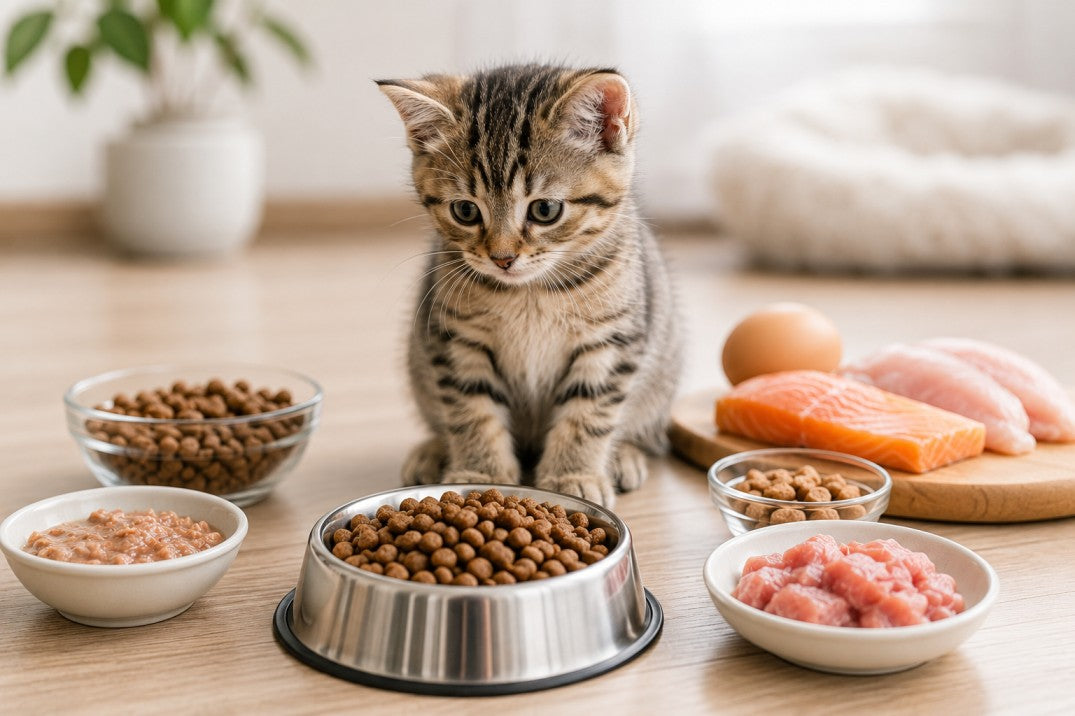 How to Choose the Best Cat Food for Your Kitten
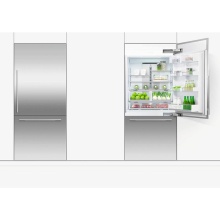 Fisher & Paykel 26830 - 36 Inch Bottom Mount Refrigerator Freezer, 80 Inch H, 16.8 cu ft, Panel Ready, Ice Only, Right Hin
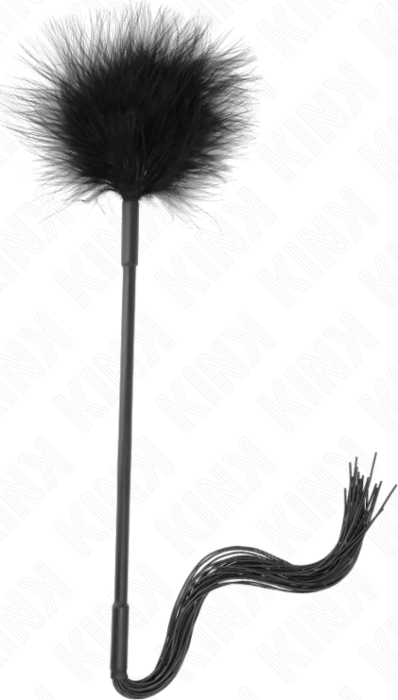 Silicone Whip KINK 47cm Feathered Teasing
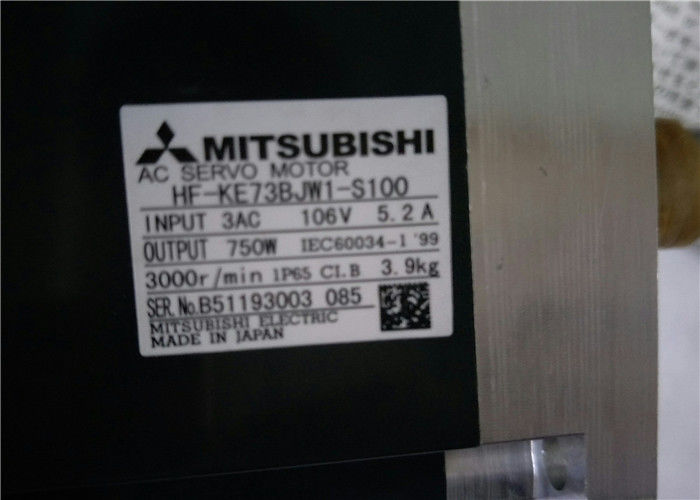 Mitsubishi 750W MR-E Super AC Servo κινητήρας HF-KE73BJW1-S100 ΝΕΟ σε απόθεμα
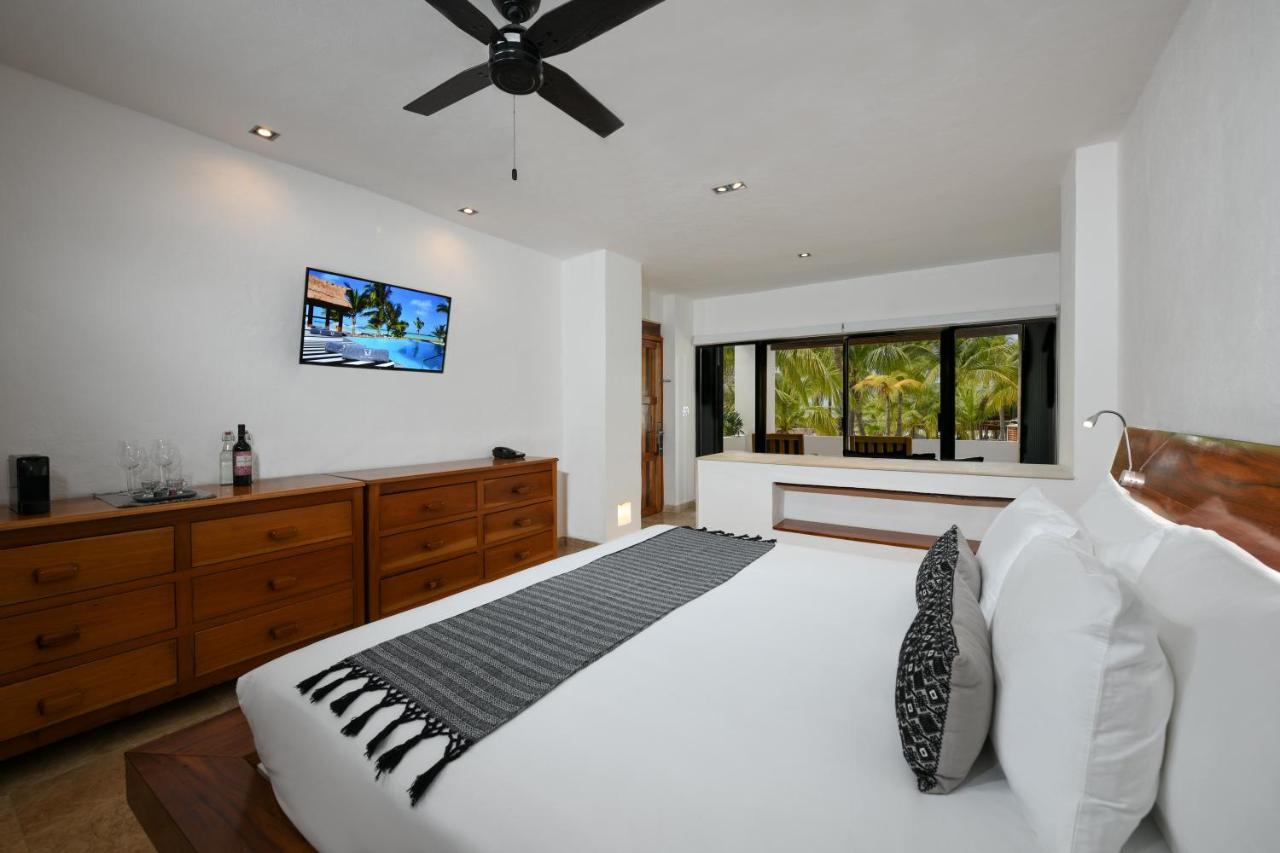 Casa Del Jaguar Beach Hotel Isla Mujeres Extérieur photo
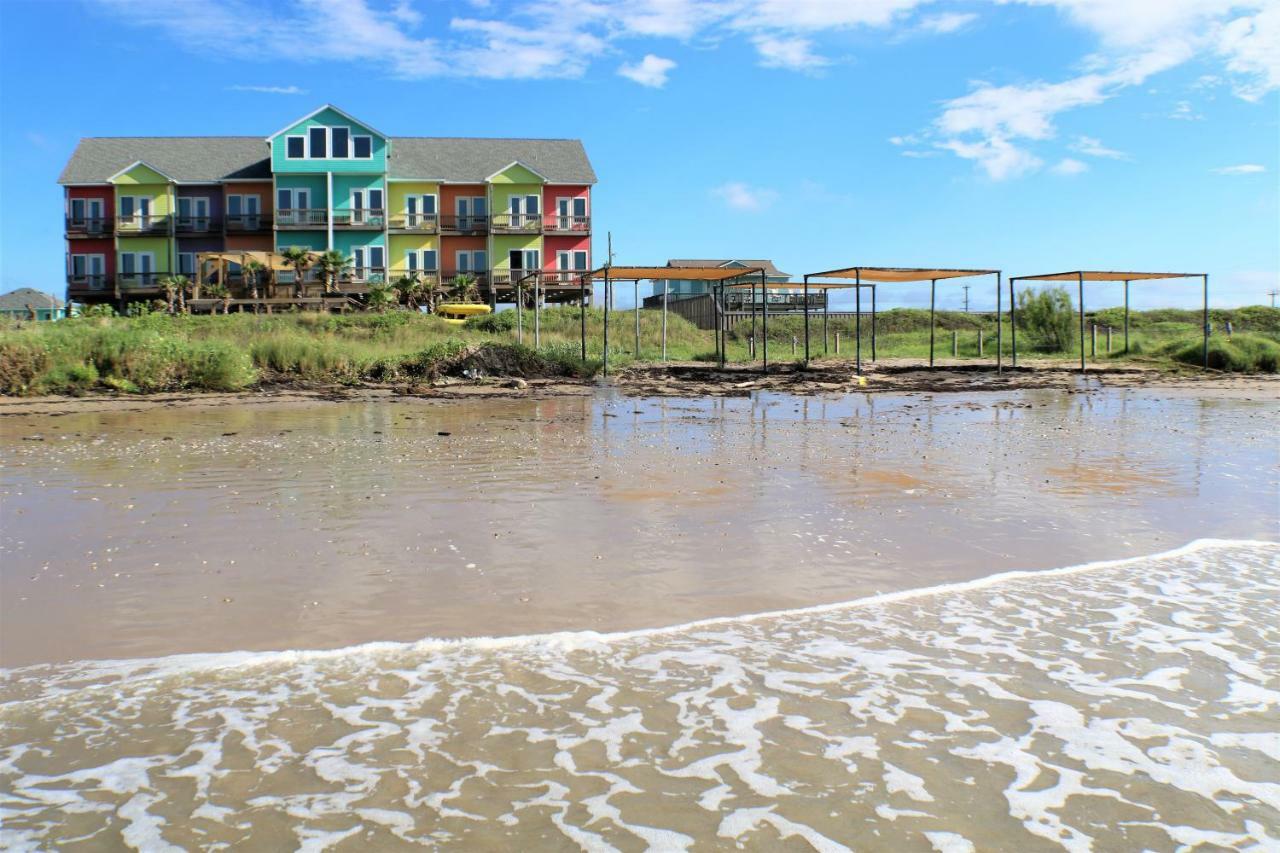 Boardwalk Resort - Crystal Beach Bolivar Peninsula Exterior photo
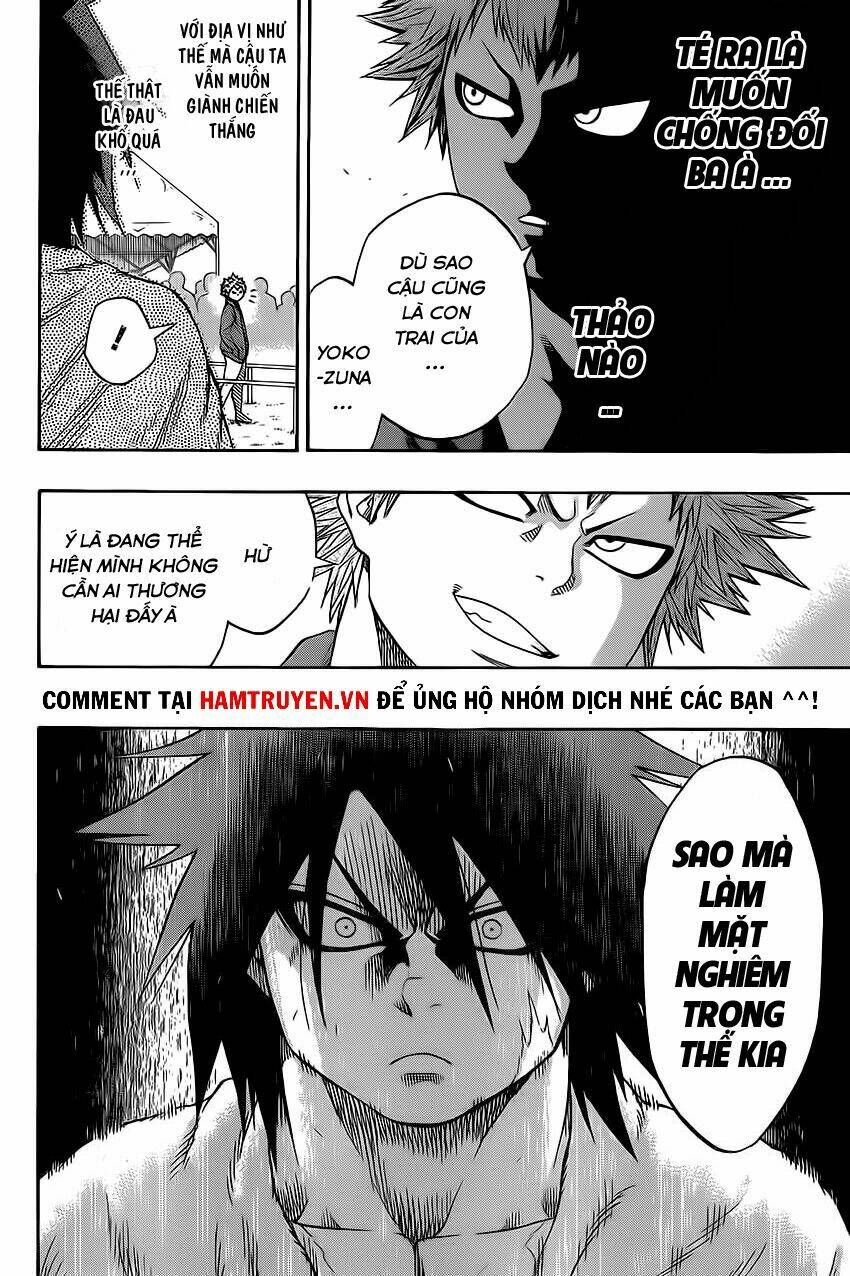Hinomaru Zumou: Chapter 27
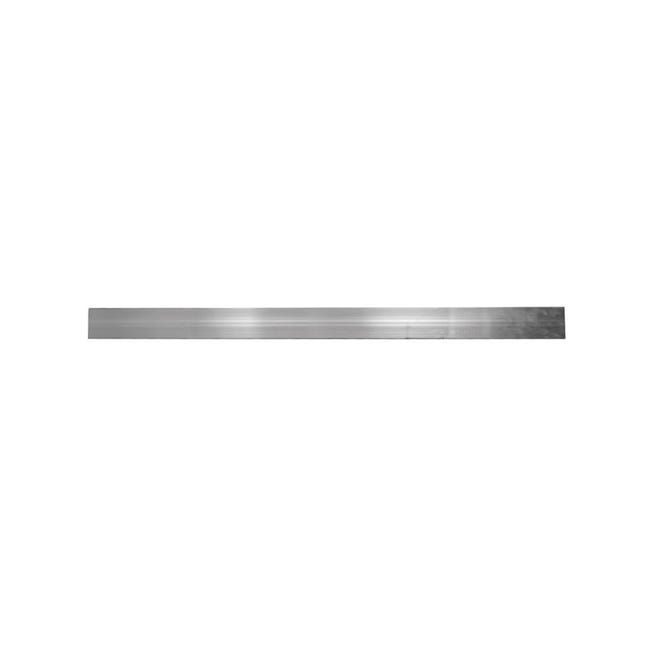Appui de fenêtre aluminium Noir RAL 9005 - longueur 2 mètres - Sans Appui de fenêtre aluminium Noir RAL 9005 - longueur 2 mètres - Sans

----

> **ASSIGNED TASK**
In your copy, include no pictures and only the lines from the line with "Boardwalk Resort - Crystal" through the final line of the listing above, reproduced exactly.

> **RESULT BELOW**
 Boardwalk Resort - Crystal Beach Bolivar Peninsula Exterior photo
Hinomaru Zumou: Chapter 27
Appui de fenêtre aluminium Noir RAL 9005 - longueur 2 mètres - Sans Appui de fenêtre aluminium Noir RAL 9005 - longueur 2 mètres - Sans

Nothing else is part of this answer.